I candidati Pd andranno ai ballottaggi all’interno di raggruppamenti che assomigliano molto di più a quello che dice di volere Pisapia, non Renzi. Non è il de profundis per la “vocazione maggioritaria” che il segretario del Pd ancora difende?
In questo modo lei legge la vocazione maggioritaria solo ed esclusivamente in termini di risultato elettorale, di ricerca del 51 per cento e basta. La vocazione maggioritaria non è un tema elettorale. Come emerge dal manifesto dei valori del Pd, ha a che fare con la definizione di un obiettivo, di una visione del mondo, di un’identità. Il Mattarellum permetteva anche la versione elettorale della visione politica. In quel sistema l’interrogativo era: presentarsi in coalizione con altri o andare da soli? Con i tre quarti dei parlamentari eletti in collegi uninominali relativamente piccoli, la vocazione maggioritaria aveva un senso.
Anche il contesto è diverso, lei dice.
Sì, perché allora due partiti la facevano da padrone, Ds-Pd da una parte e Forza Italia dall’altra. Adesso la situazione è diversa perché la Lega in molte zone del paese è più forte di FI, c’è M5s, c’è il Pd e alla sua sinistra un gruppo di forze che potrebbero allearsi. Il maggioritario funziona in un contesto politico egemonizzato da due grandi partiti. Se ci sono tre forze più o meno equivalenti, come oggi, vuol dire che una di esse rimane fuori dal Parlamento anche se pesa molto. Per questo vedo una tendenza ripetuta al proporzionale.
Che non ha però la sua simpatia. Perché?
Perché è il sistema, mi si passi il termine, che genera ipocrisie. Ciascuno dice cose che non farà e fa cose che non dirà. Non garantisce la governabilità, è sbilanciato sulla rappresentanza e per questo induce il massimo di menzogna possibile.
Il Mattarellum invece?
La legge Mattarella era un legge tendenzialmente maggioritaria che con qualche correzione potrebbe essere validissima anche oggi.
Oggi Renzi getta ponti a sinistra, non si sa con quanta sincerità perché vuole comandare. Pisapia dice di essere disponibile, ma per lui dev’essere un terzo ad unire: Prodi. A che cosa stiamo assistendo?
Ad un intreccio di imbarazzi. Pisapia sa bene che è suo interesse fare un’intesa con il Pd, però i suoi compagni di viaggio non la vogliono, alcuni poi lo inducono ad alzare la posta il più possibile. Ci sono forze che non sopportano la sfida e la fatica del governo, preferiscono l’utopia. Nei tempi brevi o brevissimi è più redditizia della responsabilità.
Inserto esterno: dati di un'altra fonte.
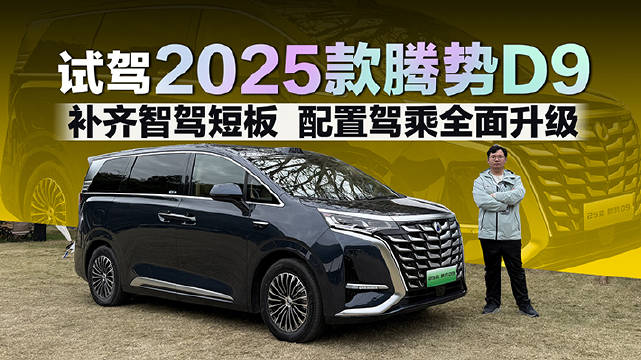 2025款腾势D9的升级可谓十分全面，补全智驾短板，舒适配置更丰富…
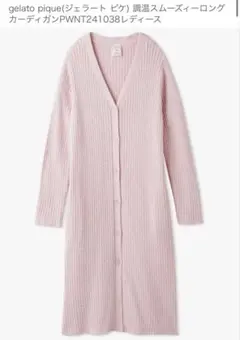 【新品】gelato pique♡調温スムーズィーのロングカーディガン ピンク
A patto che questa non diventi doppiezza, come fu per il Pci.
E’ vero: antagonisti nella società e negoziatori in Parlamento, con la Dc. Tanto che la maggior parte delle leggi erano concordate, passavano con il voto Dc e il nostri voto o la nostra astensione. I radicali denunciarono la doppiezza; ma si trattava di una logica conseguenza dello stato delle cose. Occorreva porre limiti al conflitto parlamentare per non trascinare la Repubblica nel girone degli scontri senza fine, come purtroppo accadde oggi. Nel contempo dovevi presentare alla società i tuoi grandi obbiettivi strategici all’interno di un grande racconto della nazione che ignorava questa ambivalenza.
A proposito di utopia. Lega e M5s ne sono immuni?
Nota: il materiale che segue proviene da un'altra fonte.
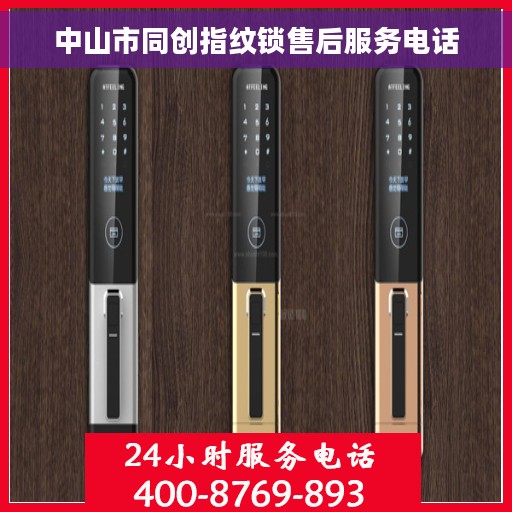 中山市同创指纹锁售后服务电话 中山市同创指纹锁售后服务电话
Tutt’altro. Prendiamo Lega ed M5s in tempi diversi: prima di avere responsabilità di governo erano vittime dell’utopia. Quando si comincia a governare è più difficile sostenere posizioni radicali. Occorre saper superare la contraddizione.
Affidandosi al volto presentabilissimo e collaudato di Prodi, Pisapia non ripropone uno schema vecchio?
Secondo me no. E uno dei pochi leader che la sinistra, quella che si colloca tra il centro progressista e la sinistra riformatrice, riconosce come punto di riferimento. E’ una mossa intelligente. Ma mi pare che Prodi per ora declini gli inviti.
Forse perché il suo primo governo è caduto per colpa di D’Alema?
Non è così. Io ero presidente della Camera e ho vissuto quella crisi minuto per minuto. D’Alema fece di tutto perché Prodi non cadesse, quel giorno (9 ottobre 1998, ndr). Insistette personalmente nei confronti di alcuni di quei deputati determinati a sfiduciare Prodi, per far loro cambiare idea. Non ci riuscì, se non in un caso.
L’irrealismo che si respira intorno a Pisapia sembra esserci anche dalle parti di Renzi. Secondo l’ex premier è ancora e soltanto il Pd il soggetto capace di aggregare.
Mi pare che stia cambiando posizione. Nel selezionare il gruppo dirigente del Pd, Renzi sinora non si è ispirato al criterio della rappresentanza, ma della somiglianza. Con la prima il leader crea intorno a sé persone che portano sensibilità diverse, aprendo il partito al confronto e all’aggregazione. Con la seconda contano solo quelli che la pensano come lui. E non si dialoga.
Se Renzi persiste?
Sarebbe la stessa posizione assunta durante l’approvazione della legge di riforma costituzionale. Anche l’esito sarebbe lo stesso.
Il patto a quattro sulla legge elettorale è andato a monte. Come si evolverà questa partita?
Io quell’intesa non la vedo tramontata del tutto. Attraverso un confronto lineare si possono rimuovere i punti di dissenso, fare una discussione seria e ritrovare un punto di equilibrio. Se una legge elettorale deve avere la massima condivisione possibile è necessario che gli avversari si parlino. L’alternativa sarebbe fare una legge di alcuni contro gli altri; ma se quella condivisa non è passata, figuriamoci se può passare una legge imposta… C’è però un altro inconveniente.
Quale?
Una legge elettorale fatta negli ultimi mesi della legislatura rischia di essere troppo condizionata da interessi particolari, perché i leader non pensano alla stabilità dei governi della Repubblica ma a quanti deputati e senatori porteranno in aula dopo le urne. Molto dipenderà da come vanno le elezioni dei sindaci.
E perché?
Se ci fosse un vincitore assoluto scatterebbe una voglia di imposizione. Meglio sarebbe un risultato equilibrato. Lo dico contro il mio desiderio.
Allora la via obbligata è il Consultellum?
Meglio sarebbe la legge Mattarella, con qualche ritocco. Oppure riprendere l’ultima versione del testo Fiano, con una conduzione parlamentare più avveduta.
Da dove cominciare?
Da un esame il più lucido possibile della situazione. Poi, serve un esercizio di intelligenza, di pazienza e di duttilità politica.
Occorrono persone in grado di farlo.
Bisogna creare le condizioni perché le qualità emergano. Le sconfitte servono a questo.